“The Lost Daughter” is the new Netflix drama film that marks the debut of Maggie Gyllenhaal as a director and writer, based on the book with the same name written by Elena Fernández and starring Olivia Colman, Jessie Buckley, Dakota Johnson, Ed Harris and Paul Mescal.
The plot revolves around Leda (Olivia Colman) a forty-something British literature professor who goes on holiday to Greece during the summer to work on her new lecture project. During her holiday at the beach hotel, she becomes obsessed about the young mother Nina (Dakota Johnson) and her kid Elena , and that fact brings back to her life painful memories of her motherhood.
Gyllenhaal demystifies the traditional concepts and idealisation of motherhood that women were born to be mothers spotlighting Leda, a protagonist who abandoned her daughters in the past because she didn’t feel fulfilled assuming the mother’s role to her life.
The narrative is divided between present and past through flashbacks and features a lot of metaphors and subtexts. Olivia Colman and Jessie Buckley who play Leda in two moments of her life are triumphant and honestly the best asset in the movie.

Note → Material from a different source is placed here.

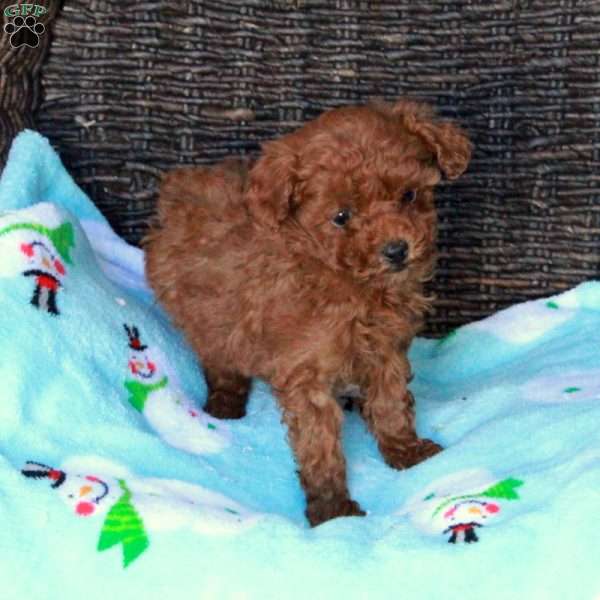 Fiona, Miniature Poodle Puppy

Although the plot explores an original idea and confronts bravery the social motherhood taboo, adding a stunning photography aesthetic and a stellar casting, the screenplay could have been best tailored going deeper into Leda’s conflicts, traumas and regrets. Also it should have created a better plot twist and final resolution. I haven’t read the book to compare them, but that’s my humble opinion about it.
I wish I could have fallen in love with the narrative because is a great movie, but the lack of those things I’ve said above made me not get caught by it.